I’m very comfortable being in the grey. But growing up in Japan from the ‘90s onwards specifically within American spheres heavily influenced by streams of Christian Fundamentalism and/or Pentecostalism (e.g. school, youth group, church), a lot of things were presented as black and white – as dichotomies – either right or wrong, here or there, with or against.

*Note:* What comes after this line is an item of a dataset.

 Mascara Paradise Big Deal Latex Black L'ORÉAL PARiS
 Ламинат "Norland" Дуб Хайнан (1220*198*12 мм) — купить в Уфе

At the most basic level, as long as it was ‘Christian’ – a very narrowly defined Christianity, it has to be said – it was right. Our school library required us to get written parental permission before we could borrow Philip Pullman’s His Dark Materials trilogy which was hidden away in the Restricted Section (read: librarian’s office) because of its so-called anti-Christian content. But Christian authors? Perfectly fine, even encouraged. And I’m not talking light fluffy stuff either. I’m talking Frank Peretti and his rather dark books for teenagers entitled Hangman’s Curse and Nightmare Academy starring a family investigating supernatural occurrences involving ghosts and witches, murders and disappearances – oh, and whose teenage children also debate their teachers on evolution in class. (To be fair, I loved them as a kid.)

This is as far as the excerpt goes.